Epigenetic Search for Retroviruses in Major Psychosis

Epigenetic Search for Retroviruses in Major Psychosis

A Petronis, P-X Kan, Yolken RH, and the Stanley

Neuropathology Consortium

Recent studies of CSF and frontal cortex from schizophrenia

patients have detected retroviral RNA with 90-95% homology to the multiple

sclerosis retrovirus (MSRV).  In a similar way, CSF and frontal cortex from

patients affected with bipolar disease revealed RNA homologous to retroviruses

erv K-10, while control subjects exhibited a higher proportion of pHE.1 and erv

min.  It is not clear, however, which one(s) of hundreds of endogenous

retroviral sequences (ERVs) exhibit transcriptional activity in individuals

affected with major psychosis and controls.  Epigenetic strategies may help

to differentiate between the ‘active’ retroviral sequences. Experimental

findings from other laboratories have demonstrated that DNA methylation plays a

role in inhibiting transcription of retroviral genomes.  Our hypothesis is

that transcriptionally active ERVs, which have been detected in affected

individuals, are demethylated while inactive ERVs are hypermethylated.

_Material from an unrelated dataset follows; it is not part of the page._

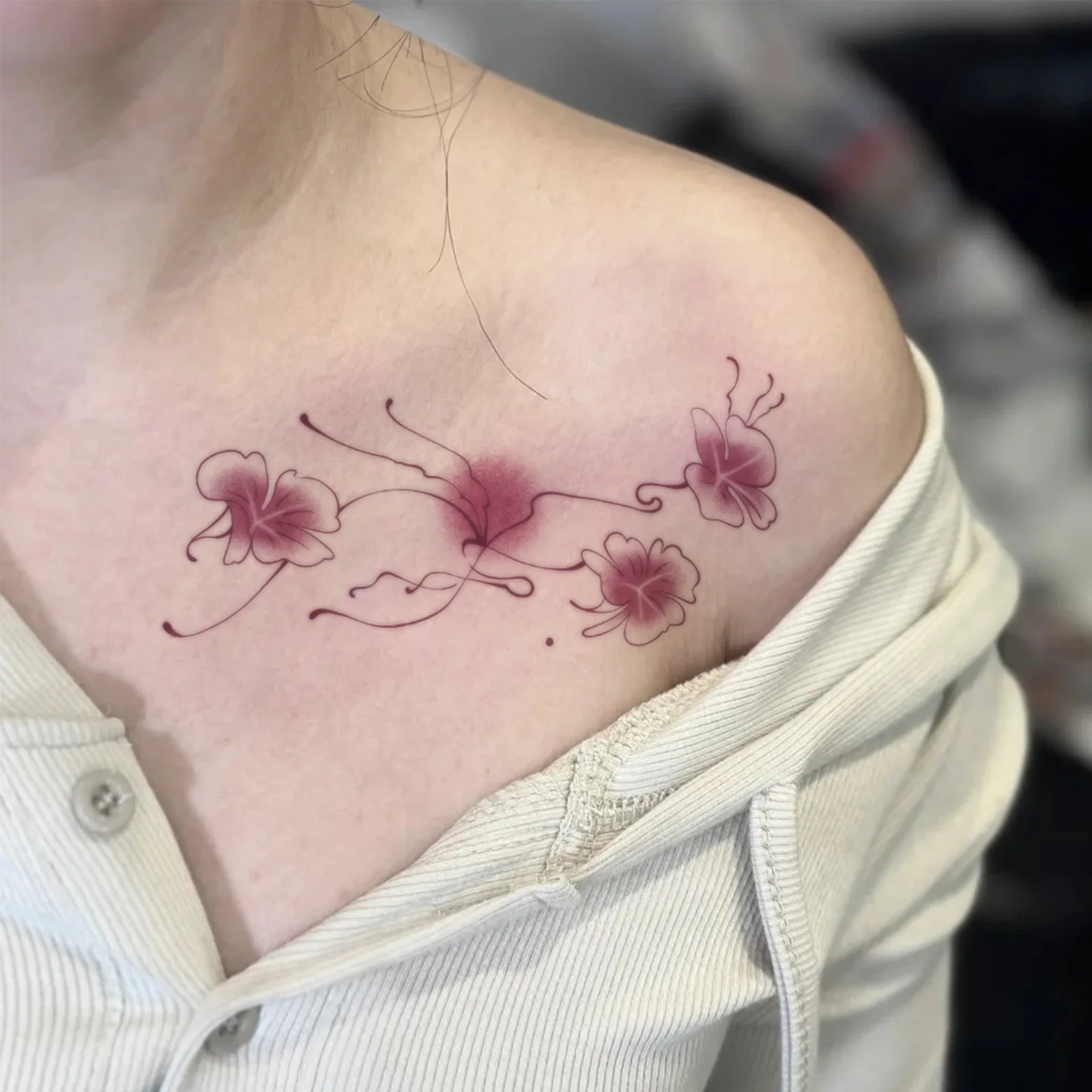 Pink Gradient Flower Temporary Tattoo Sticker, Romantic Waterproof Body Art for Belly & Arm, Fake Tattoo
Pink Gradient Flower Temporary Tattoo Sticker, Romantic Waterproof Body Art for Belly & Arm, Fake Tattoo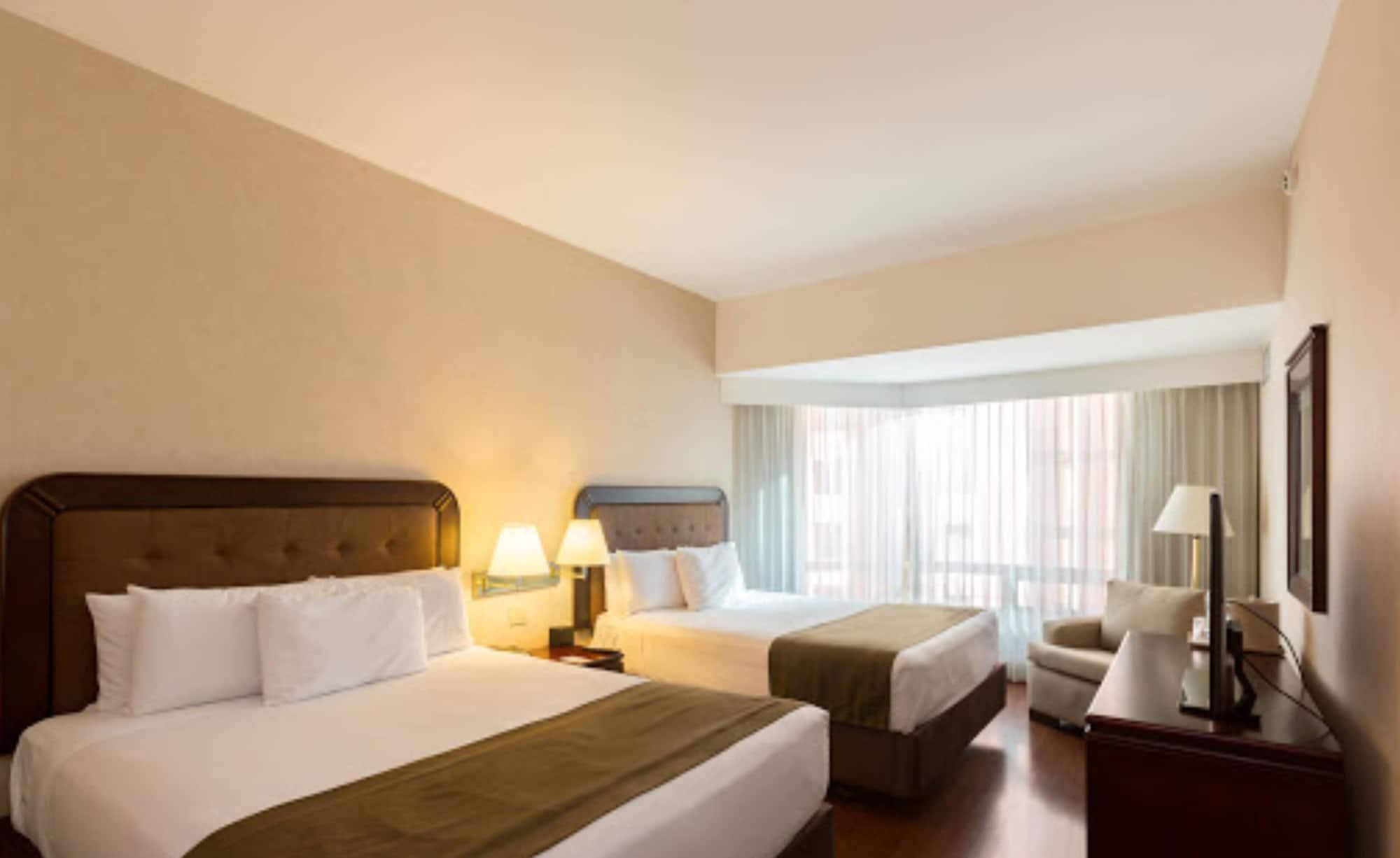 Clarion Suites Guatemala City Eksteriør bilde A room at the hotel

We are performing a comprehensive analysis of DNA methylation

status at and around retroviral sequences exhibiting DNA homology with the ERVs,

which are differentially expressed in affected individuals in comparison to

controls.  Brain specific DNA samples are being investigated using

methylation sensitive restriction enzymes and Southern blot-hybridization

technology.  The blots are subjected to subsequent hybridizations with DNA

probes which are homologous to the following ERVs: MSRV, ervK-10, pHE.1 and erv

min.  Our plan is to screen 15 post-mortem brains in each group of

individuals who were affected with schizophrenia, bipolar disease, and

controls.  The hypomethylated ERV sequences will be subjected to cloning,

sequencing, and further investigated for neurotoxic effects.